0.3 m/sec ionosphere velocity shear ?
Last time I looked at simultaneously recorded WWV signals on 10 and 15 MHz to see if there was any correlation between their phase variations due to propagation. The phases in each varied, but there didn't appear to be any common features in those variations. Five Mhz is evidently so large a frequency separation that the corresponding refracting portions of the ionosphere aren't very correlated.
There aren't any WWV frequencies that are closer together than 2.5 MHz, but we aren't stymied yet. WWV transmits more than a carrier - there are a number of signals that are imposed on the carrier by amplitude modulation. Here is a waterfall plot of about two minutes of the 15 MHz signal I looked at previously:
Waterfall spectrum of WWV on 15 MHz over two minute period.

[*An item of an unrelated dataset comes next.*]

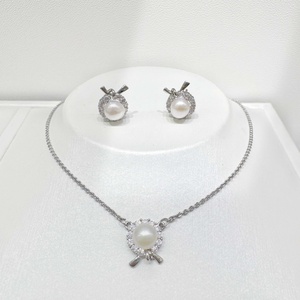 wholesale plata 925 <b>silver</b> Flower Shape Pearl <b>Necklace</b> and Earring <b>Set</b> designer gift vintage Gold Plated jewelry <b>sets</b> for Women - Product Image 2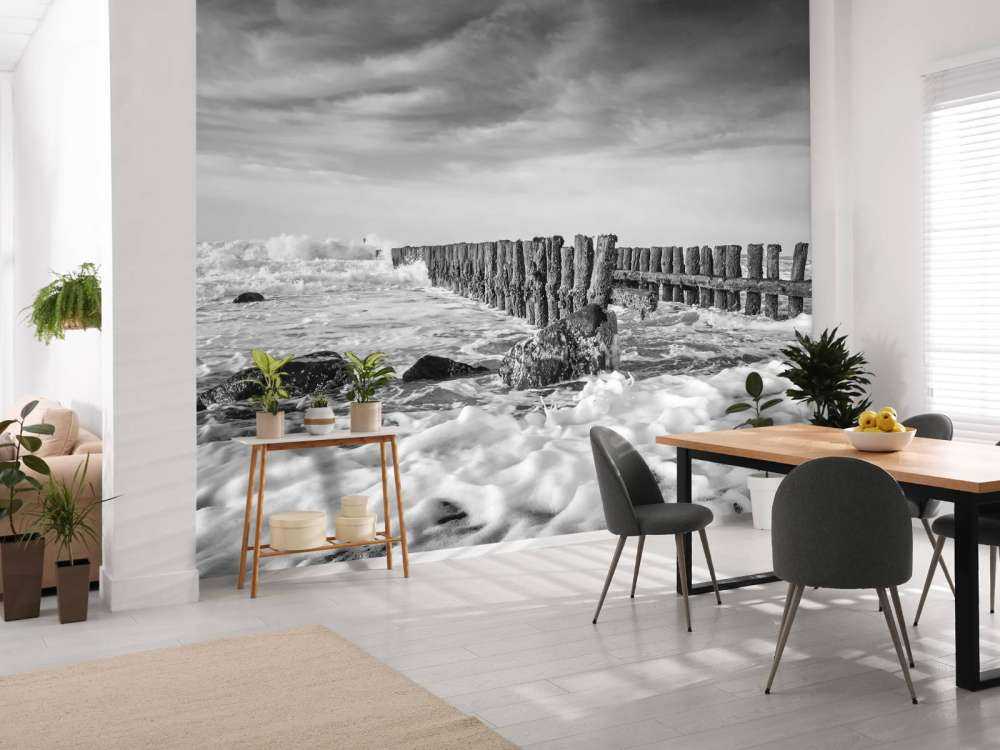 Skummande hav i svartvitt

The carrier is present at 0 Hz - this is the signal that I've been analyzing. There are two sidebands at 100 Hz: these carry BCD coded time information and I may explore these later. Of more interest are the two tones - 500 Hz during most of the first minute and 600 Hz during the second minute. You can also see the 1000 Hz minute ticks, and some wide band voice at one and two minutes. There are 1 second ticks of 5 cycles of 1000 Hz with 40 msec interruptions in the 500 and 600 Hz tones during those ticks, but those are hard to see at the plot scale and I'm going to ignore those for this analysis.
The tones provide two synchronized signals that are 1000 and 1200 Hz apart - this is at the other end of the frequency separation scale and I expect that there will be correlations between the sampled ionosphere patches at this scale. The signals are a little inconvenient in that they are not continuous, unlike the carrier, but its something to work with.

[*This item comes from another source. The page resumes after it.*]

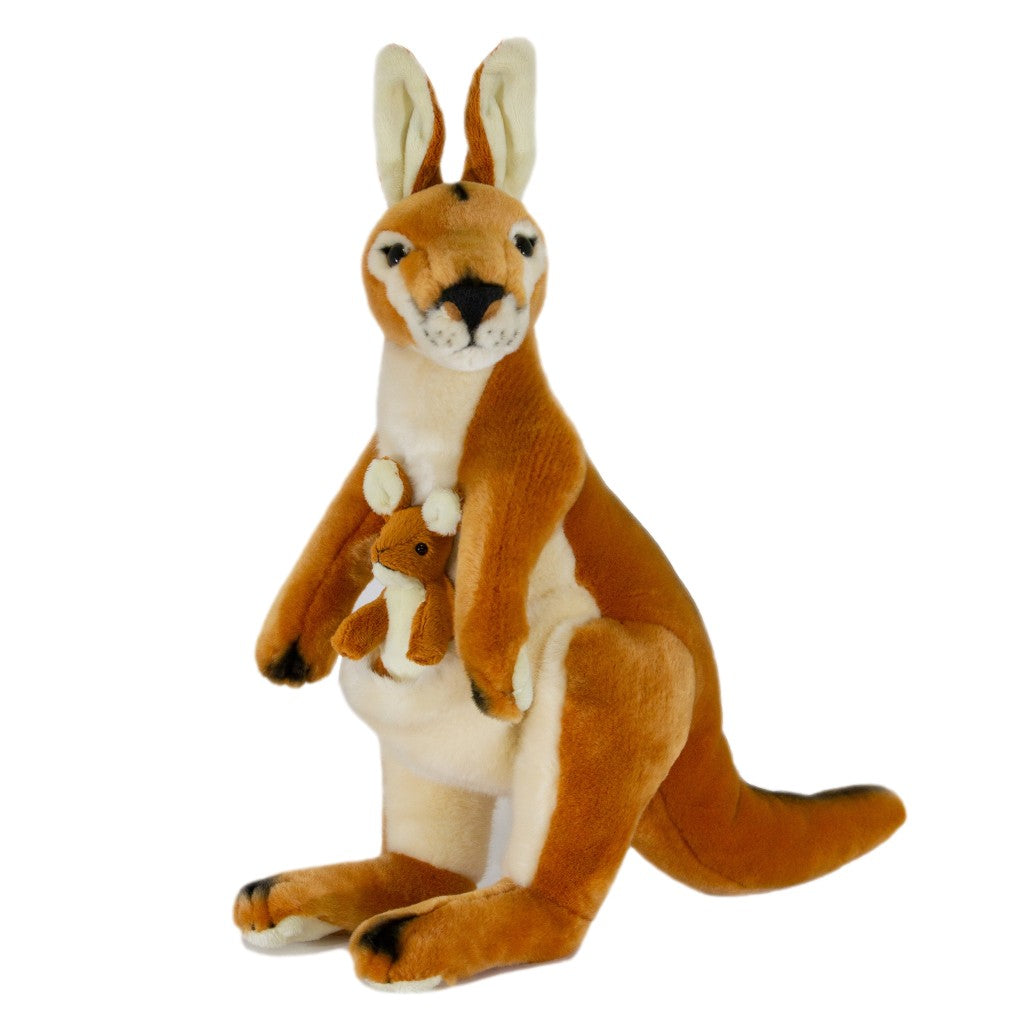 Red Kangaroo & Joey Soft Plush Toy (40cm)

I computed the phase of each of those tones and the carrier during the time they were present, with the following results. The initial phase of each is arbitrary, so I shifted each to start at 0 radians. First the 500 Hz tone phase variation:
-500 Hz, 0 Hz (carrier) and +500 Hz WWV tones.

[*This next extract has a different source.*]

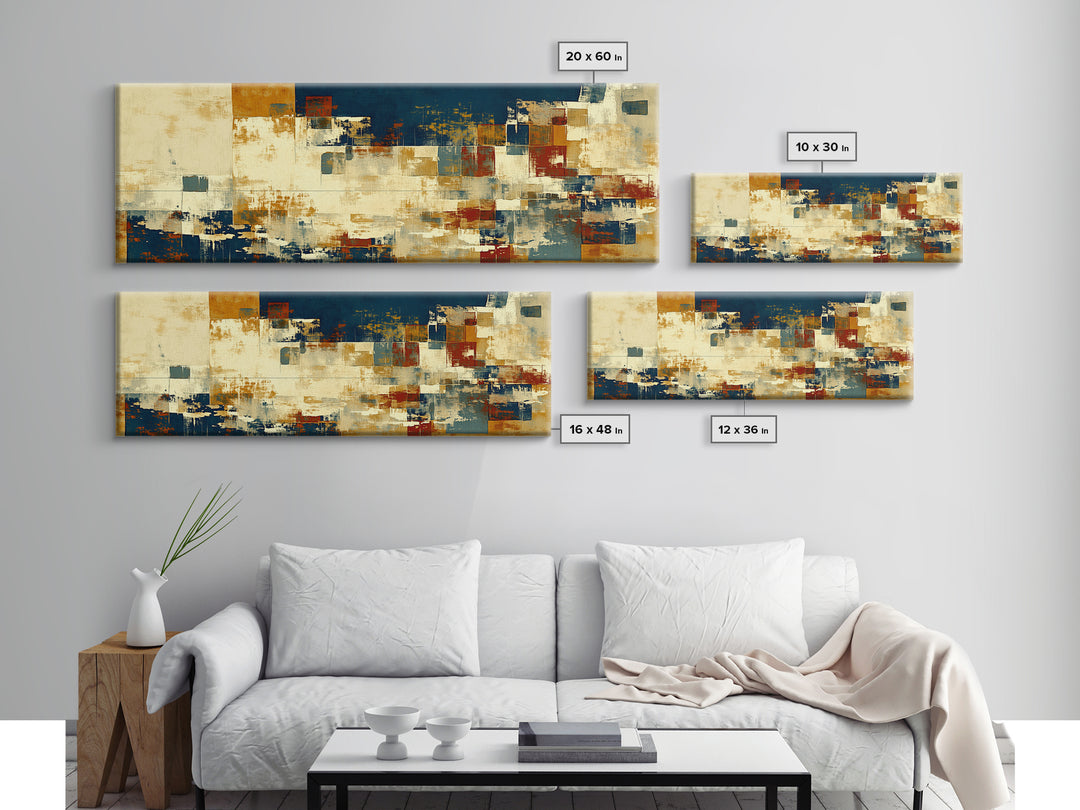 Earthy Plaster Texture Abstract Framed Canvas Print, General Fine Art, Statement Artwork, Living Room Decor, Abstract Art, GEN-3x1-7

Next the 600 Hz tone phase variation:
-600 Hz, 0 Hz (carrier) and +600 Hz WWV tones.
And to put them in context, I plotted each tone segment on the full two minute carrier plot, again each segment phase starting out at the carrier phase at that moment:
Phase change of carrier and 500 / 600 Hz tones.
What can we say based on these plots? First the phase evolution on the three frequencies are highly correlated, but definitely different - this is encouraging. Without more data I'm reluctant to attribute this to propagation differences at these narrowly spaced frequencies. The phase of each of the signals changes at a different rate and since the plots are phase as a function of frequency, a constant slope would indicate a frequency offset. The frequency offset needed to give the roughly two pi (one cycle) phase change in 60 seconds is only 1/60 Hz which would correspond to a doppler velocity of about a third of a meter per second. Its certainly doesn't seem unreasonable to me that there might be a velocity shear of this size between two nearby patches of the ionosphere.
There is always the possibility of a problem with the analysis routines that I'm writing and I want to see more data before I can attribute my measured differential phase evolution with an ionospheric condition. This will take more samples, and over longer periods of time. Its unfortunate that the tones aren't continuous so I can't track them continuously and have to reset the phase zero at each segment, but you work with what you have.
And so I will title this post with the velocity shear number, but put a question mark at the end. Maybe I should put two question marks.